I talk a lot about elites failure here, that a good portion of the reason we in the liberal West are seeing the rise of illiberalism is because our elites have failed — they can no longer think straight about themselves, the societies they govern, or the world.
I’m not sure I’ve ever really explained what I meant by elite failure, however.
This bit by Walter Russel Mead from Foreign Affairs on the rise of “Jacksonianism” as evident in the election of Donald J. Trump, however, does a pretty good of describing one portion of elite failure:
Over the past quarter century, Western policymakers became infatuated with some dangerously oversimplified ideas. They believed capitalism had been tamed and would no longer generate economic, social, or political upheavals. They felt that illiberal ideologies and political emotions had been left in the historical dustbin and were believed only by “bitter” losers—people who “cling to guns or religion or antipathy toward people who aren’t like them . . . as a way to explain their frustrations,” as Barack Obama famously put it in 2008. Time and the normal processes of history would solve the problem; constructing a liberal world order was simply a matter of working out the details.
Given such views, many recent developments—from the 9/11 attacks and the war on terrorism to the financial crisis to the recent surge of angry nationalist populism on both sides of the Atlantic—came as a rude surprise. It is increasingly clear that globalization and automation have helped break up the socioeconomic model that undergirded postwar prosperity and domestic social peace, and that the next stage of capitalist development will challenge the very foundations of both the global liberal order and many of its national pillars.
While the liberal West has been relatively well-governed before — I’m thinking of the generation after the Second World War — It has not been true since the mid-1990s. In part, Western elites became enamored of their own victory and success in the Cold War. Thinking history was the struggle of ideas, as opposed to struggle of personality and passions, they were convinced history was over and all that remained was the working out of technocratic details.
That made it possible from them to ignore the damage that much of neoliberalism was doing in the West to the working classes that had done so well materially and morally up until the mid-1970s. “What alternative do you have?” asked neoliberalism as it privatized and financialized and globalized. Because the alternatives do, in fact, seem deeply discredited. Especially if history is viewed solely or primarily as a contest between competing ideologies over social organization. The working classes of the West, especially the non-immigrant working classes, were supposed simply to accept their slow-motion destruction in the name of progress and evolution.
But what the last decade or so is telling us that compelling people to endorse and vote for their own obsolescence, marginalization, and even extinction is a losing strategy politically. The “retrograde” plurality or majority will look at the promises of democratic governance — majority rule, and not rightly guided or enlightened rule — and wonder, if government is in our name, if our will is what makes government legitimate, why is it working against us, our interests, and most importantly, our dignity?
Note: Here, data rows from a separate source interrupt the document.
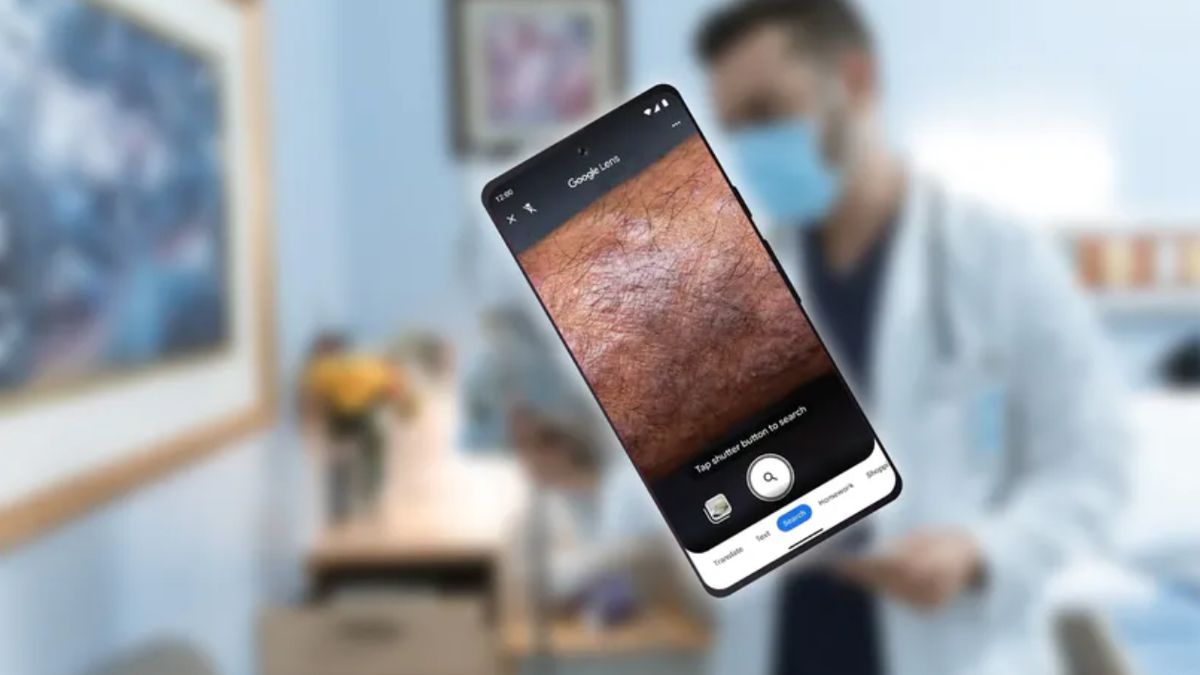 Obiektyw Google pomoże w walce z problemami skórnymi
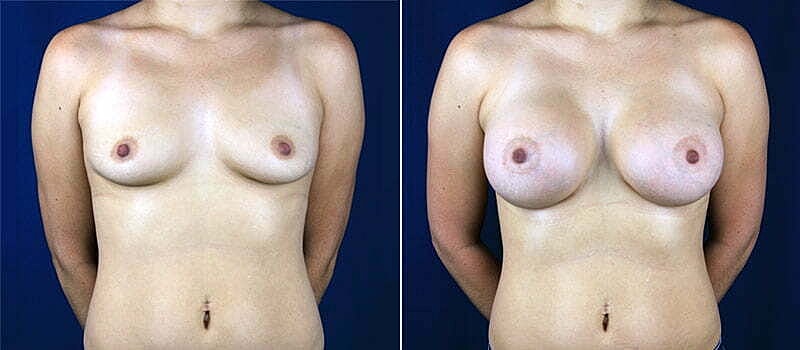 Breast Augmentation Before & After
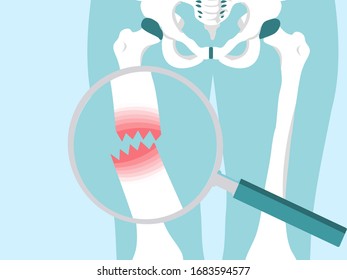 Magnifying glass zooms in on Thigh broken.  Bone vector illustration in x-ray style for. Emergency accident concept.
A society or community will always be governed by an elite. There is no way around that. That elite must always be cognizant of its connections, responsibilities, obligations to the people it governs. Elites must always remember people and place and appreciate their limits. The elites of the West have become disconnected, and feel little responsibility or obligation to the people they govern anymore. (More government programs are not it, since the people who design them, implement them, and administer them are almost never “served” by those programs, are never the objects of state care, and thus have no idea how degrading such attention and care really is.) The elites of the West have become enamored of a global humanity that really is an abstraction, and have forgotten the very concrete women and men they actually rule. That is what I mean by elite failure, and it is, sadly, probably an inevitable outcome of liberal democratic governance.
Because no form of government is permanent. There are just people, groping blindly, for meaning, purpose, and some way to organize themselves. Some are better than others, but all fall short of perfection — even liberal democracy — and all reflect certain central human ways of organizing ourselves, mobilizing resources, and holding each other accountable. All succeed to one extent or another, and all eventually fail.